First of all, I write the strip as $E=[0,1]^2/\sim$, where $(0,y)\sim(1,1-y)$ and the other points of $[0,1]^2$ are equivalent to themselves. Then I write $S^1=[0,1]/\sim$, where $0\sim 1$. Now I define the projection $\pi: E\rightarrow S^1$, $\pi([(x,y)])=[x]$ (here with $[\cdot]$ I mean the equivalence class of $\cdot$). Now I want to find an open cover $U_1,U_2$ of $S^1$ (two arcs of $S^1$ substantially) such that there exist homeomorphisms $\phi_i:\pi^{-1}(U_i)\rightarrow U_i\times I$, $i=1,2$ and this homeomorphisms have the property that $\pi_1\circ \phi_i=\pi$, where $\pi_1$ is the canonical projection onto the first factor.
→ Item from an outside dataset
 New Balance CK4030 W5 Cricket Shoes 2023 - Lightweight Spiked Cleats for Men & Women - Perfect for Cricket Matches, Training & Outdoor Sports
Now, my problem is write properly the homeomorphisms. Suppose that $S^1\ni[0]\notin U_1$, so $[0]\in U_2$. Then $\pi^{-1}(U_1)$ is exactly $U_1\times I$ and as homeomorphism I can choose the identity. But now my problem is $\pi^{-1}(U_2)$ which contains the gluing edges. Can anyone help me, please?
For example if $S^1\supset U_2=([0,2/5)\cup(3/5,1])/\sim$, then I could define $\phi_2([(x,y)])=(x,y)$ if $0\le x<2/5$ and $\phi_2([(x,y)])=(x,1-y)$ if $3/5<x<1$. But now the problem is prove that $\phi_2$ is a homeomorphism, I'm confused.